三联疗法,即抗凝剂与双联抗血小板治疗(DAPT)联合使用,常用于对有抗凝指征的经皮冠状动脉介入治疗(PCI)术后患者预防缺血事件,但会增加出血风险。由于围手术期缺血和出血风险均增加,三联疗法对接受手术患者的影响可能尤为显著。目前该人群的预后尚不清楚。
我们确定了2004年至2012年在退伍军人事务医院PCI术后2年内接受非心脏手术的患者。我们比较了接受三联疗法和DAPT的患者在手术期间的主要不良心血管和脑血管事件(MACCE:死亡率、心肌梗死、中风、血运重建)和出血事件(住院出血、输血),并对临床、人口统计学和手术特征进行了调整。
在7811例手术中,391例(5.0%)发生在接受三联疗法的患者中。
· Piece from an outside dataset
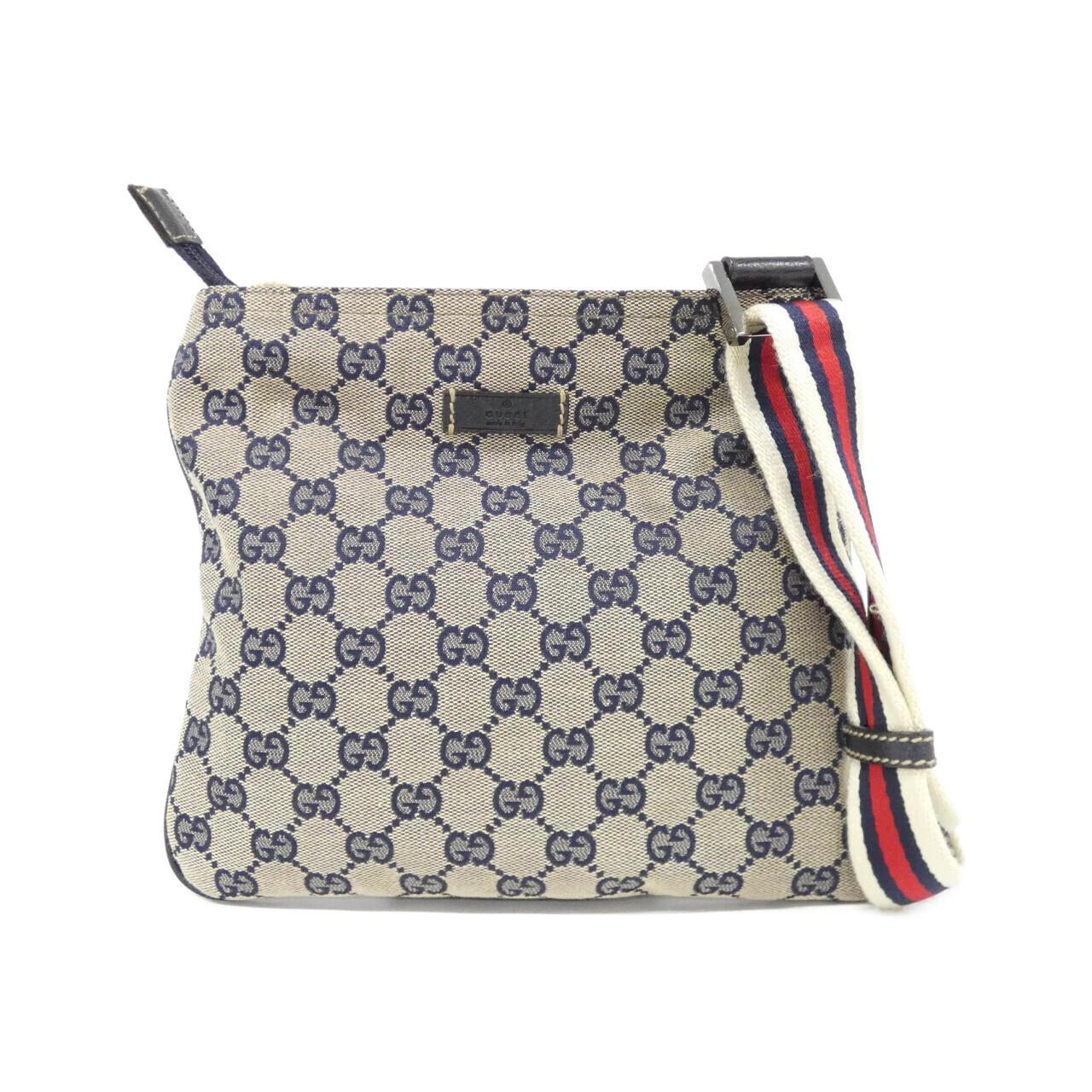 GUCCI 146309 F4F0R Shoulder Bag Canvas Silver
三联疗法患者手术时发生44例(11.3%)MACCE和107例(27.4%)出血事件,而DAPT患者分别为366例(4.9%)MACCE和980例(13.2%)出血事件。调整后,与DAPT患者的手术相比,三联疗法患者的手术发生MACCE的几率更高[比值比(OR)1.65,95%置信区间(CI)1.16 - 2.34]或出血几率更高(OR 1.52,95% CI 1.17 - 1.99)。
每20例接受非心脏手术的PCI术后患者中有1例接受三联疗法。与接受DAPT的患者相比,这些患者的手术发生MACCE和出血事件的几率更高,且与临床和手术特征无关。这些发现确定了一个手术高危人群,可能需要加强对围手术期不良事件的监测。